Yesus melihat tantangan sebagai
peluang, dan Ia mengajak kita “Mari, ikutlah Aku!” ingatlah bahwa ajakan ini
berarti ajakan untuk berjalan di belakang-Nya. Berjalan di belakang-Nya
mengandung arti mengiringi, menaati, mencintai, menyerahkan diri dan
mengabdikan diri dengan segala akibatnya. Ya, menjadi pengikut Yesus dan
berjalan di belakang Tuhan Yesus membuat hidup kita mau tidak mau akan berubah.
Berjalan di belakang Yesus ke sana ke mari, melakukan ini dan itu, berjumpa
dengan berbagai orang pastinya membuat kita akan terpesona melihat prioritas-Nya,
keprihatinan-Nya, dan orientasi hidup-Nya, yang membuat kita pun belajar
membarui hal yang perlu kita prioritaskan/utamakan, membarui hal yang kita
prihatinkan, membarui arah hidup kita demi menjadi sesuai dengan prioritas,
keprihatinan, dan arah hidup Yesus. Akan janggal bila kita berjalan
dibelakang-Nya namun hidup kita masih sama saja. Akan janggal bila kita mengikut
Yesus Kristus yang melihat tantangan sebagai peluang namun kita tetap meilhat
tantangan sebagai hambatan yang merisaukan.

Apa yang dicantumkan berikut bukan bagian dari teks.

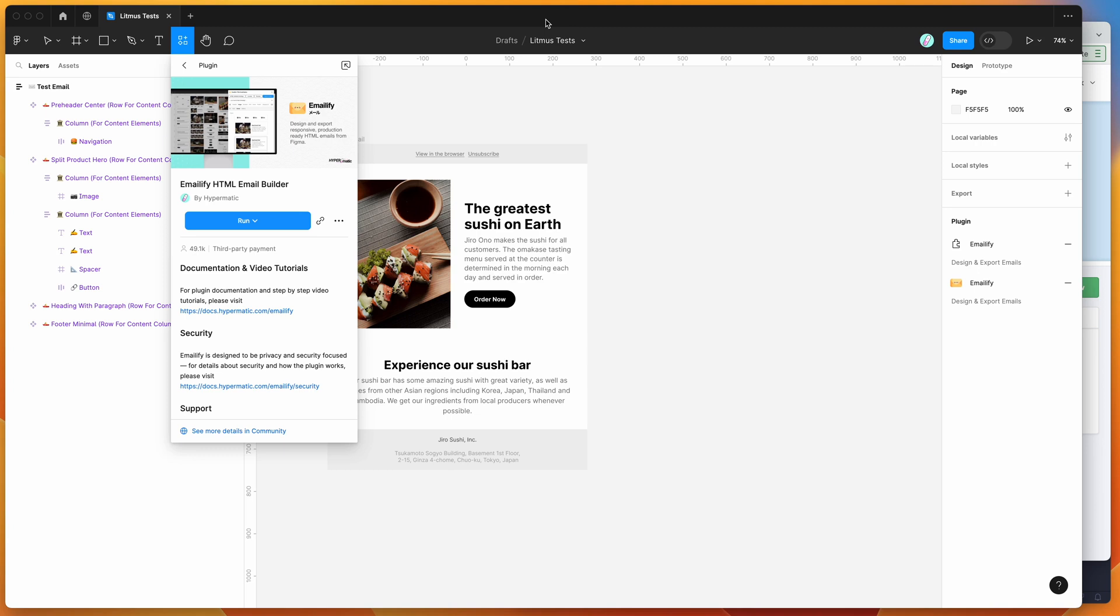Hey everyone, this is Adam and today I'm going to be showing you how to automatically test your HTML emails exported from Figma in dark mode using the Emailify plugin and the litmus.com platform.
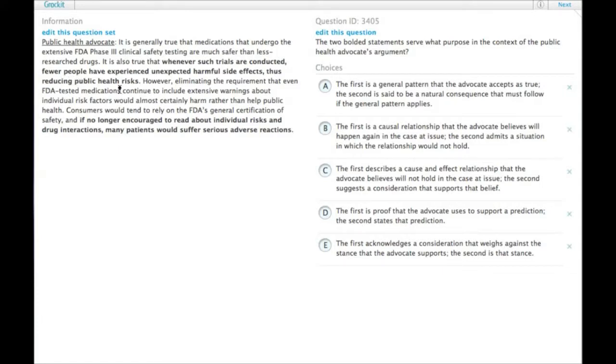Without going any further, this bolded statement is clearly something that the advocate agrees with. The advocate says it is true that. So we definitely need it to be something that the author believes is generally true because he or she says it is true.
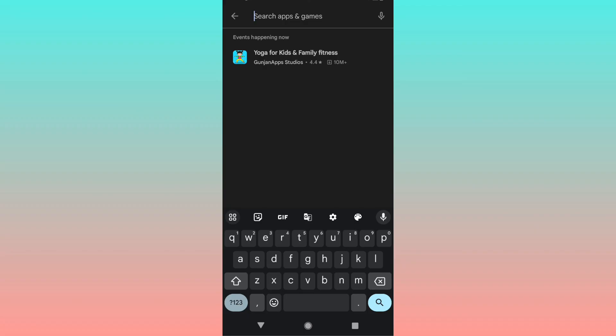This is how you can clear search history from your Google Play app. I hope this helps. Let me know if you have any questions. Thank you.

Yesus tak memberikan tuntutan,
syarat, ketentuan, pun larangan bagi kita untuk melihat tantangan. Yesus hanya memberikan
ajakan, berupa contoh bagaimana kita harus melihat tantangan di depan. Tempat
kerja kita, lingkungan studi kita, gereja dan masyarakat sekitar kita akan
tetap memiliki tantangannya tersendiri. Mungkin tantangannya akan makin luas,
makin rumit, dan makin berat. Bentuknya bisa berupa kesempatan untuk melewati
tantangan-tantangan di depan dengan jalan pendek: penipuan, korupsi, pemerasan,
pemanfaatan ketidaktahuan orang lain, perselingkuhan ataupun kesempatan untuk
meraih kekuasaan dengan berkompromi dengan penguasa-penguasa yang menindas dan
tidak berpihak pada kepentingan orang banyak atau juga dengan mamanfaatkan
kedudukan demi kenyamanan diri sendiri.
Tetapi jika kita sadar siapa yang
di depan kita, bagaimana contoh yang diberikan-Nya, dan status kita sebagai
pengikut-Nya, maka kita akan sadar Yesus tetap berjalan di depan kita, mengajak
kita untuk berjalan terus bersama Dia, mengikuti cara-Nya melihat dan melewati
tantangan sebagai peluang dengan gembira. Sebab tidak ada yang lebih menggembirakan
daripada hidup setia pada Tuhan dan kehendak-Nya. Amin.